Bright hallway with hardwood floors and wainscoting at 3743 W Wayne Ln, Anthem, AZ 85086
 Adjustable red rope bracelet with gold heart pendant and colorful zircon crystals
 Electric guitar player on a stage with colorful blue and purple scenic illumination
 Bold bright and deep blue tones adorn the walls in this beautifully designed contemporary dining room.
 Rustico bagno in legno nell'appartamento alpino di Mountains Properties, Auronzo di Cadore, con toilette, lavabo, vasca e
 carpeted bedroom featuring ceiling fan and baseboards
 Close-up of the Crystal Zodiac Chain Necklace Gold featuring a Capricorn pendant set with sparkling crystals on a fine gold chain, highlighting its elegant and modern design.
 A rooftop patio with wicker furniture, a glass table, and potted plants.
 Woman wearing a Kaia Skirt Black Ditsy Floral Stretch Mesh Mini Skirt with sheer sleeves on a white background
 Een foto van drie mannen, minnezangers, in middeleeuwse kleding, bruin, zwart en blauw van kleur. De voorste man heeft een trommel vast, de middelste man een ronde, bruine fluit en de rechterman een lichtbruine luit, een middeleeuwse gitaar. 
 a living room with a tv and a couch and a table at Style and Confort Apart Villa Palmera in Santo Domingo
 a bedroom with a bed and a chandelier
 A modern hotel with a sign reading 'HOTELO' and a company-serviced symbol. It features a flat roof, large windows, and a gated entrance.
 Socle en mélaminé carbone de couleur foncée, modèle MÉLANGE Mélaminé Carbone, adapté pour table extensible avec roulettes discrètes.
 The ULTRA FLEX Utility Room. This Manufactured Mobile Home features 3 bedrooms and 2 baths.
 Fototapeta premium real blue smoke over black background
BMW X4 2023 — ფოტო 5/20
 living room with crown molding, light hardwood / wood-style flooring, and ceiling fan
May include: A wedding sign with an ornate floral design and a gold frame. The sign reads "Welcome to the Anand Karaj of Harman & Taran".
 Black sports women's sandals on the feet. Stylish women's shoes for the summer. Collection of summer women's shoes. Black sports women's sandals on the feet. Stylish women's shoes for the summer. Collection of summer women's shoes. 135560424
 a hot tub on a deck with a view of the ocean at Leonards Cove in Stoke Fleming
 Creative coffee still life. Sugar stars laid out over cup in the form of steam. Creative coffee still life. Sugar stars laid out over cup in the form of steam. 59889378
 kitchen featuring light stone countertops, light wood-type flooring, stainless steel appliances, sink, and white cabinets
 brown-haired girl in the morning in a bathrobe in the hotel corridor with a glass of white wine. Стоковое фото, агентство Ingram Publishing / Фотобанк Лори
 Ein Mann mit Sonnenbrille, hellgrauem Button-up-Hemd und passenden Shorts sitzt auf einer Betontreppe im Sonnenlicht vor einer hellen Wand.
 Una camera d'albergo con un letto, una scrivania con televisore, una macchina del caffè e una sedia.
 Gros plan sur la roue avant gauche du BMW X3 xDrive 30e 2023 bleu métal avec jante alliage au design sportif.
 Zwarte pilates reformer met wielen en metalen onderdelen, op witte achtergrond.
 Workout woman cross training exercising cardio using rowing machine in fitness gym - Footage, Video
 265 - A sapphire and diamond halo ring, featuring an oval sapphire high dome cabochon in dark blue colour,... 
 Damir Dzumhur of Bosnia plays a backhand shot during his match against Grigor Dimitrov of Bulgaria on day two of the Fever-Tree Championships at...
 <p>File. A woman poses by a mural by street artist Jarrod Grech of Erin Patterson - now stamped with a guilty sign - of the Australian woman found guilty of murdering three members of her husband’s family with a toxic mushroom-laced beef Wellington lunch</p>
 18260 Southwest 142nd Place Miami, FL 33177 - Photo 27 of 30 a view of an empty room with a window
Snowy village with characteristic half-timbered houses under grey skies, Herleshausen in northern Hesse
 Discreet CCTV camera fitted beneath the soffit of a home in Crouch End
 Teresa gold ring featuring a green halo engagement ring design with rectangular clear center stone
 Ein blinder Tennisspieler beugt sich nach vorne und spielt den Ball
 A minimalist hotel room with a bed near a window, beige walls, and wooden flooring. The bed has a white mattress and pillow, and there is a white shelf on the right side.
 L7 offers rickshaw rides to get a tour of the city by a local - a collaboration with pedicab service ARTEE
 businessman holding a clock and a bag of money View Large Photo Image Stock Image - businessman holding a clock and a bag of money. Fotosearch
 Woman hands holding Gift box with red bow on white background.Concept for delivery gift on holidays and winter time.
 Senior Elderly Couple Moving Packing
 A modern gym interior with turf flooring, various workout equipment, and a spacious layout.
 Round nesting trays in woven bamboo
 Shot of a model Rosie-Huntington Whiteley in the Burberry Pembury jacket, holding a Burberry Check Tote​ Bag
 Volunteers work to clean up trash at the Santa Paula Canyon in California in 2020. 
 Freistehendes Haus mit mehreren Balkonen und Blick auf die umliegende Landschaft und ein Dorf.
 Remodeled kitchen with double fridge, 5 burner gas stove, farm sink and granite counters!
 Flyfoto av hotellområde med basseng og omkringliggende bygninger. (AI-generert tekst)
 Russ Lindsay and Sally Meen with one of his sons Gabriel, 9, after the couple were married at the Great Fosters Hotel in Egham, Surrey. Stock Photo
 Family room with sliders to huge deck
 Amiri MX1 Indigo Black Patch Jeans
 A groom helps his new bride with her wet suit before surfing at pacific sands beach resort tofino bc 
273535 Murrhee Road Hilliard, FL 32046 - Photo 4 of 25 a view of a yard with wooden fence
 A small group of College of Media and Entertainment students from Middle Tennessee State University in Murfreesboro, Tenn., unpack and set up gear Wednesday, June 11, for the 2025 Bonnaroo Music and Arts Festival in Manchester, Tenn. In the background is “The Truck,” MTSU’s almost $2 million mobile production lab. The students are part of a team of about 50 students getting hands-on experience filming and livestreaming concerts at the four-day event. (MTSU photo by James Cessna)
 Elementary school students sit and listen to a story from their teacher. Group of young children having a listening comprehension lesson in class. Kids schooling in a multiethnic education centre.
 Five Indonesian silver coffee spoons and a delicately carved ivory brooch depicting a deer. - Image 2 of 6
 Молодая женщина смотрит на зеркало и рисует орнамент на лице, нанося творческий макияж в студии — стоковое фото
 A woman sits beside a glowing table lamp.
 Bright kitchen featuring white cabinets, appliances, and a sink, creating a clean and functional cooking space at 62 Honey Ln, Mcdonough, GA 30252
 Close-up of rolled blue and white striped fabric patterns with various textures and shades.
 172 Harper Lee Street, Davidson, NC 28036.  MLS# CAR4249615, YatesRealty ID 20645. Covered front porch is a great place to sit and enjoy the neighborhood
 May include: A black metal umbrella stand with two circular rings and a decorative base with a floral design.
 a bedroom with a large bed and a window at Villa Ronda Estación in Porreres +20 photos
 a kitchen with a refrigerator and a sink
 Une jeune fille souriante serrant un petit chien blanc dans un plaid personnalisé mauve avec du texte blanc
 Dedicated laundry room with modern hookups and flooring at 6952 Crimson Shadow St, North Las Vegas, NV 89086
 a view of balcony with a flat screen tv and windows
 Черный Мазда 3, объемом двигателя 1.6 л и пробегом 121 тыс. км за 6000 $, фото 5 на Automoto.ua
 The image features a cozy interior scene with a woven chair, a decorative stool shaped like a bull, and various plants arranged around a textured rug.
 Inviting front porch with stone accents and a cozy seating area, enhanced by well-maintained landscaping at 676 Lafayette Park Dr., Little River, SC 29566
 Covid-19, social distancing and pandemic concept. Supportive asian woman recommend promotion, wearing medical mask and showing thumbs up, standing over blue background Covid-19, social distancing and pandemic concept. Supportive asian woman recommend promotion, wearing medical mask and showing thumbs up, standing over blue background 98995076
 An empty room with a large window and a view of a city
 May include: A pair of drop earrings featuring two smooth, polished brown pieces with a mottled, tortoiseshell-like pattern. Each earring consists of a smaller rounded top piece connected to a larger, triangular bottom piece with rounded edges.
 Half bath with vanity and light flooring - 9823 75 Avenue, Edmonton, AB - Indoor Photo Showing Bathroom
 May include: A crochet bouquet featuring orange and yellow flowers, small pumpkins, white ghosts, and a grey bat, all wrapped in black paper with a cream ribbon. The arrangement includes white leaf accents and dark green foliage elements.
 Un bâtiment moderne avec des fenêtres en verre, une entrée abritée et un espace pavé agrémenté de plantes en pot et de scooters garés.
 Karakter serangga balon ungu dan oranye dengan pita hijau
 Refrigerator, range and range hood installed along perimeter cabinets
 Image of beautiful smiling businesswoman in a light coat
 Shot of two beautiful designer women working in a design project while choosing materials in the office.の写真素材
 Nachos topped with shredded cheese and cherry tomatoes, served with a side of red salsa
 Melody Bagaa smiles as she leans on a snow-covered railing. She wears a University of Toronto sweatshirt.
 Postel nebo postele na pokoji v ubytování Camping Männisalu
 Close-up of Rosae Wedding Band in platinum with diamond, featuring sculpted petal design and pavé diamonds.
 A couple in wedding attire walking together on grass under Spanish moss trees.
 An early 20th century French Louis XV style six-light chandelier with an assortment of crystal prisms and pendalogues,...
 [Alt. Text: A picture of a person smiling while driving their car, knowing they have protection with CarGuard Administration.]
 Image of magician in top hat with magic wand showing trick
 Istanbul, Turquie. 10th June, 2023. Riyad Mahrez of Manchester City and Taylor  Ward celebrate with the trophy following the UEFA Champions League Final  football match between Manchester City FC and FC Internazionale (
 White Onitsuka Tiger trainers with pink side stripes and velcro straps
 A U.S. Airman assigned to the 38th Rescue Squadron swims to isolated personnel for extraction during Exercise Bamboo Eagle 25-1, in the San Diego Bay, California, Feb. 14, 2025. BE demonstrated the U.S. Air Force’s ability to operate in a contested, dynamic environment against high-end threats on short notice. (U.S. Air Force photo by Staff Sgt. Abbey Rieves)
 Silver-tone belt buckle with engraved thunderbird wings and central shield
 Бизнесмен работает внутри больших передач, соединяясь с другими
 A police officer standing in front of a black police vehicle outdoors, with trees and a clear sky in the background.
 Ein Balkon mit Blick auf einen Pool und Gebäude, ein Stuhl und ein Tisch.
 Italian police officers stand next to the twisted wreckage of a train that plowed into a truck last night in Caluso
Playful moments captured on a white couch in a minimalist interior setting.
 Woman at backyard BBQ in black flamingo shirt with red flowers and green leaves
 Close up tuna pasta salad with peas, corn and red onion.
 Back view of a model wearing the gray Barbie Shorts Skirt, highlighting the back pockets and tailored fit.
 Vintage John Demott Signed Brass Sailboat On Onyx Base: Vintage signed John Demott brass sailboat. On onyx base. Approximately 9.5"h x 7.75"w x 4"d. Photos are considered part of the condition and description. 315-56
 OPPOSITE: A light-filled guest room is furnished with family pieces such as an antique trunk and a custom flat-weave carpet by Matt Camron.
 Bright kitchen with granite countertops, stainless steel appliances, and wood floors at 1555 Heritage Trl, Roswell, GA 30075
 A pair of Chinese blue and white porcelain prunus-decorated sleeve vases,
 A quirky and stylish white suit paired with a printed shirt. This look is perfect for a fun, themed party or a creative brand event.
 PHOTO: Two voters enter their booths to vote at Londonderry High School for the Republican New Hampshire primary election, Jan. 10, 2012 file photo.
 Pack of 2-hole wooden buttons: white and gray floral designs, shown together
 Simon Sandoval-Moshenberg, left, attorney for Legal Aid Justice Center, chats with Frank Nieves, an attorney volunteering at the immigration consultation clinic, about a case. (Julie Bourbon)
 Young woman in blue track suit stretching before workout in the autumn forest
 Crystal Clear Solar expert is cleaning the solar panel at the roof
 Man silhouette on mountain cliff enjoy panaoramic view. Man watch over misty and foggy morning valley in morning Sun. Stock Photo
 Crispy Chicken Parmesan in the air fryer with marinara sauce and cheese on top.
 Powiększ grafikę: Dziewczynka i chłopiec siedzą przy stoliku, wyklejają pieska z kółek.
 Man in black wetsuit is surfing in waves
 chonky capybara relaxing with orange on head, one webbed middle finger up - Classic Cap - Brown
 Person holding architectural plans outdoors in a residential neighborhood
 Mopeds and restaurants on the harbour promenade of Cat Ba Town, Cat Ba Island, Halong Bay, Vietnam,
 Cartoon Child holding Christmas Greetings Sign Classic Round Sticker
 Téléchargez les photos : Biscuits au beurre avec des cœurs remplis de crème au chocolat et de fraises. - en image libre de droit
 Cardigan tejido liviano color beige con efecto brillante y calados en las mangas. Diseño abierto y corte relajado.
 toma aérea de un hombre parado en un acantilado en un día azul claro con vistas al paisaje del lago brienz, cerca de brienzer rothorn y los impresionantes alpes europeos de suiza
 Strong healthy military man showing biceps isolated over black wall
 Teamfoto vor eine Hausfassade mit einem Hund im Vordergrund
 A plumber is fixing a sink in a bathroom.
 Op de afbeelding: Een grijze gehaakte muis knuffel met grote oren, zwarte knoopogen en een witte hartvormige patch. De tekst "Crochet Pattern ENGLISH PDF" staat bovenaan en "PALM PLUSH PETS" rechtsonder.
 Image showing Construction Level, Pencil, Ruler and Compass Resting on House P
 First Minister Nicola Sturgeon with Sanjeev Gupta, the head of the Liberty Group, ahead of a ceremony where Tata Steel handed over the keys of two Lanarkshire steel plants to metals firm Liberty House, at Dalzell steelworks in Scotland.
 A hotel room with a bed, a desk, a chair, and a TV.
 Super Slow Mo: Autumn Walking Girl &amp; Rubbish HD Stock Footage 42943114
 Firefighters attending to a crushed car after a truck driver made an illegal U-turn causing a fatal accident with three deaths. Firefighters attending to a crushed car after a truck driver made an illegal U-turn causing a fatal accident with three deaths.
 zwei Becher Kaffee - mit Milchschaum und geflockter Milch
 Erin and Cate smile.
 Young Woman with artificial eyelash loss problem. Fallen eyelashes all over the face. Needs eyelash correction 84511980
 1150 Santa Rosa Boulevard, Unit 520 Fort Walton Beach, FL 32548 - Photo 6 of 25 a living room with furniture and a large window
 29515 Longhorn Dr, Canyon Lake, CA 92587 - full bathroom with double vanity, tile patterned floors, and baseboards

= = = = = = =

**Work request**
Reproduce the lines of the entries above from the one with "A modern hotel" to the one with "The ULTRA FLEX", both included, exactly and without any other line.

**Solution to the problem**
 A modern hotel with a sign reading 'HOTELO' and a company-serviced symbol. It features a flat roof, large windows, and a gated entrance.
 Socle en mélaminé carbone de couleur foncée, modèle MÉLANGE Mélaminé Carbone, adapté pour table extensible avec roulettes discrètes.
 The ULTRA FLEX Utility Room. This Manufactured Mobile Home features 3 bedrooms and 2 baths.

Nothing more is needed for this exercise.